2 min

Rosemary Hardwick

Pride Toronto volunteer touched many lives

Pride volunteer Rosemary Hardwick died Jan 7 of heart failure. Credit: Doreen Engelberts

When long-time Pride Toronto (PT) volunteer Rosemary Hardwick moved to Canada 26 years ago, she was able to come out proudly as a lesbian, her wife says. Finally free, she devoted the rest of her life to Toronto’s queer community.

Hardwick died suddenly on Jan 7 of heart failure. She was 54. Her death was a shock to friends and family, particularly her wife, Stacey Elizabeth Ferguson.

“She wanted to live her life as who she was,” Beth says. “Until she arrived in Toronto, she wasn’t able to be free and out. When she arrived in Canada, she came out as lesbian and lived her life as a lesbian. That was important to her.”

The couple met while volunteering together in 1989. Beth describes Rosemary as “vibrant, compassionate, intelligent, funny, energetic, creative and beautiful. This is a huge loss.”
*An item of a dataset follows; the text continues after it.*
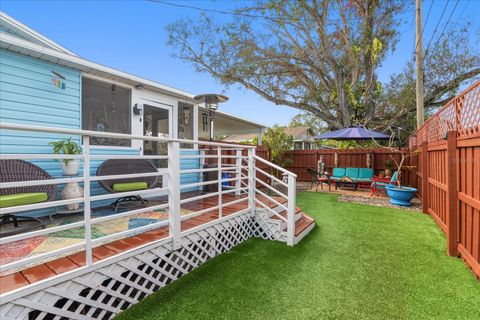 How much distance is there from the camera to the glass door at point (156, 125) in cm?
521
Hardwick moved to Canada from Queensland, Australia, in 1986. She was an educator, a community mental health worker, a nurse and a suicide prevention trainer with a particular interest in helping gay, lesbian, bisexual and trans youth. She served as chair of the Toronto Suicide Information Alliance.

“She saw all the gay youth suicides and the bullying and wanted to help,” Beth says. “She was a vibrant force who really tried to make a positive difference. And she did.”

Hardwick was very active in the Toronto community. PT board member Mark Smith says she played a vital role in Pride planning for about 14 years.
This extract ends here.